Data in this exercise =
»»

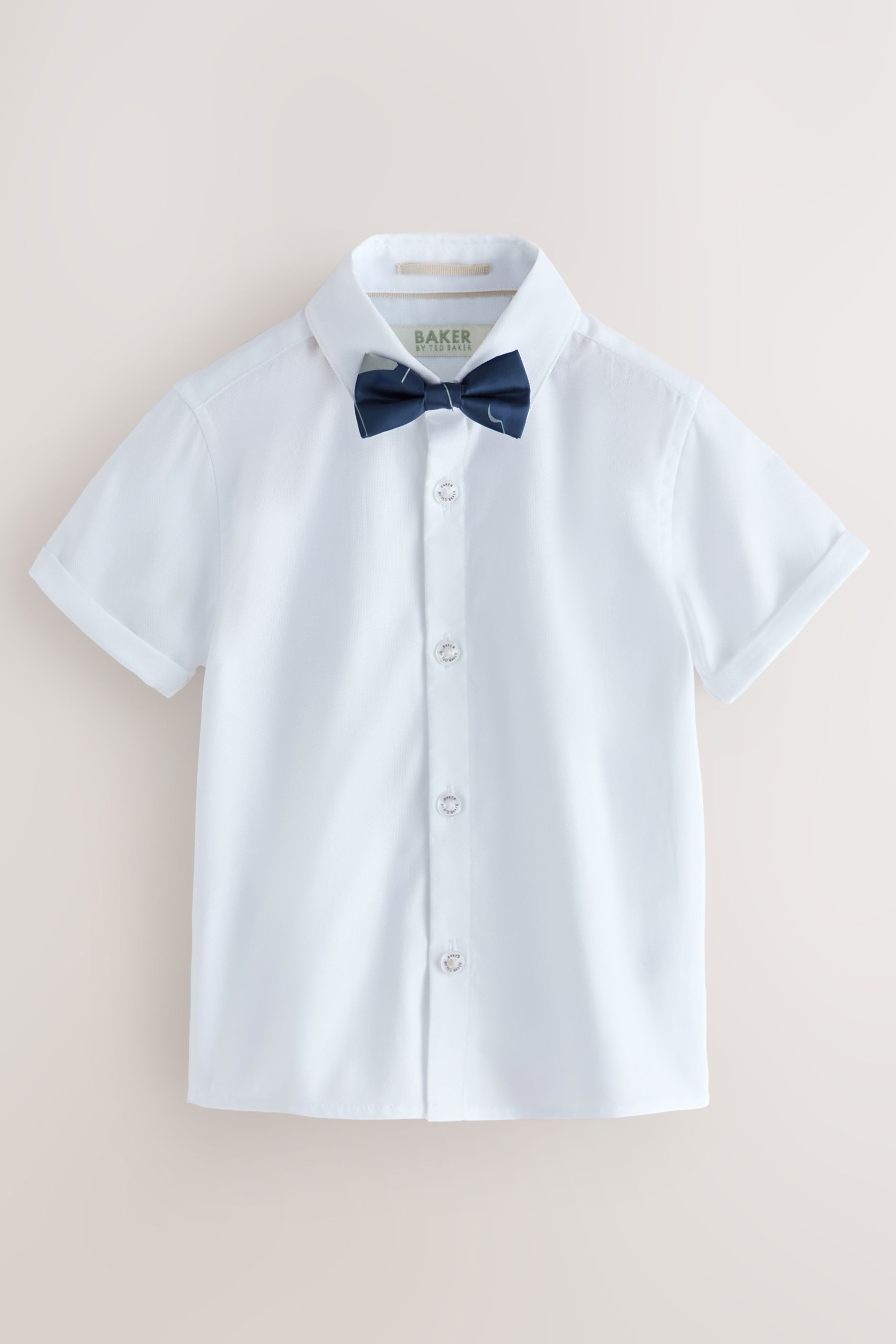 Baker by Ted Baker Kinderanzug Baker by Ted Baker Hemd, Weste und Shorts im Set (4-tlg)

««
»»

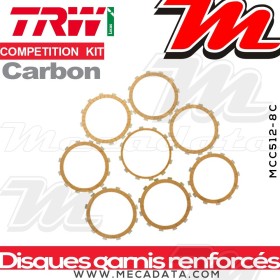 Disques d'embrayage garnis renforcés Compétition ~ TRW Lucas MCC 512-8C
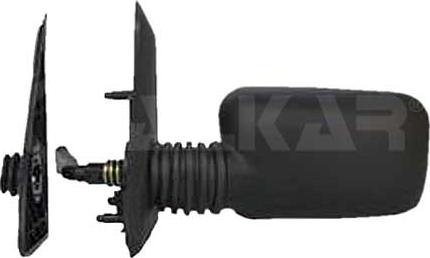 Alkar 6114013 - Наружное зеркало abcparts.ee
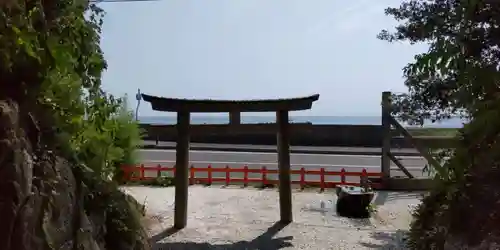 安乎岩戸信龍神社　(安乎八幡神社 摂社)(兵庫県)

««

Activity =
Print exactly, with no pictures, the lines above from the one that holds "Disques d'embrayage garnis" through the one that holds "安乎岩戸信龍神社　(安乎八幡神社 摂社)(兵庫県)", both of them included.

Answer to the problem =
 Disques d'embrayage garnis renforcés Compétition ~ TRW Lucas MCC 512-8C
 Alkar 6114013 - Наружное зеркало abcparts.ee
 安乎岩戸信龍神社　(安乎八幡神社 摂社)(兵庫県)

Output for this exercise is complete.